I also wanted to promote science education and get people informed and involved, and this comment seems to indicate it's working:
Any way, thought I'd let you know that someone in NJ reads your blog every day. My daughter just graduated high school and wants to become a biology teacher.On the other hand, I know what reporters do. My dad reported on-air for CBS and NBC News in New York, in Portland before than, and wrote and edited for print and broadcast news in Chicago. I know something of pounding the pavement, the bustle of the newsroom, and the effort that goes into professional journalism.
Your efforts are crucial in assuring that she will have the right to teach science, not mythology. I'm keenly aware that Dover PA is only 170 miles (3 hours) from my home in cental NJ.
Thanks for all the good work.
Almost everything I write is my take on someone else's blog post, or a newspaper story. However, I add my own expertise, my own vision, and my own background to the story.
I've endorsed candidates from school board races to the Presidential race, and have raised money for the DNC and several House and Senate candidates.
Am I biased? Yes. Am I a journalist? Ms. TfK says yes. Should I have to go through FEC reporting because of what I do? I don't think so. What I do is no worse than anything on Fox, and a lot of what's on MSNBC and CNN.

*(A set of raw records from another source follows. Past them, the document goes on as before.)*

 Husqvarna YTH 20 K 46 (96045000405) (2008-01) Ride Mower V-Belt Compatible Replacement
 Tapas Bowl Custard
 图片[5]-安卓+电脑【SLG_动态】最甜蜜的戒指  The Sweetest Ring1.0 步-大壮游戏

One thing that's very exciting about the growth of TfK is that I'm getting more feedback from my readers, and that's really helpful. The commenters may disagree with me on some issues, but I feel like I learn from our conversations in the comments, and I look forward to more discussions to come.

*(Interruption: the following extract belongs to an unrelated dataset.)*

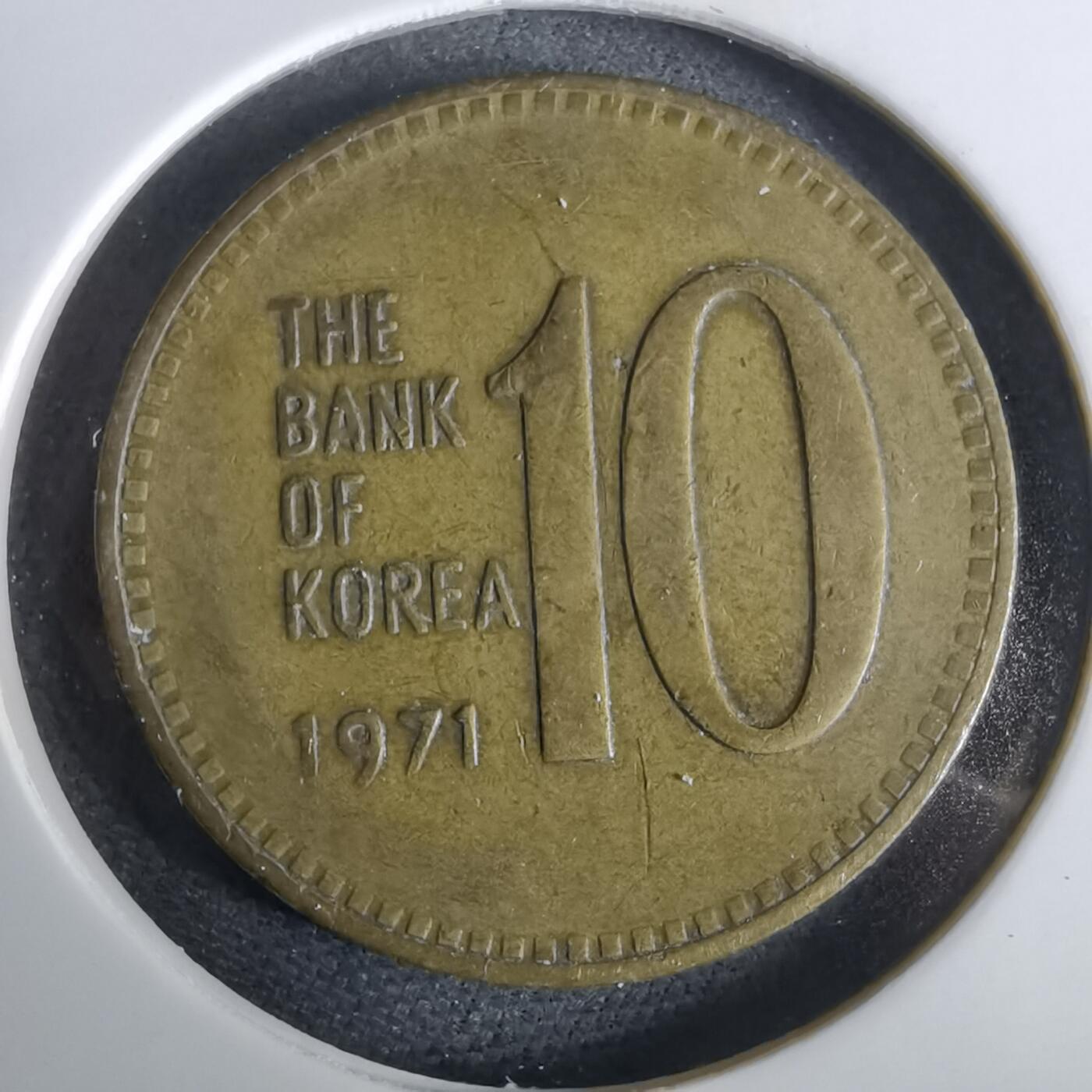 沼泽如烟--第965场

Some time in the next day, I expect I'll get my 50,000th visitor. That's an exciting milestone, and I wanted to look back at what TfK has become, and what it can be.

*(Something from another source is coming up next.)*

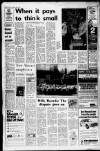 Bristol Evening Post Monday 02 May 1977 Page 4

This Thursday, I'll be launching the first of what I hope will be many dispatches from around the state. Anyone from around Kansas who'd like to participate in one of these conversations should let me know, and we'll see what we can do. I'd especially like to hear from odd corners of Kansas. I want to know what people are thinking about in the rural areas that reporters don't visit. I want to know what the day-to-day issues are in communities of 100 people. What are the conversations like in the little coffeeshops and mechanics' shops?
I'm also talking to some people about putting together a DailyKos for Kansas. It'd be focused on building an online community to bring people together around the issues that matter to them.
It may not be reporting, and it may not be activism, but I think it's worth a shot.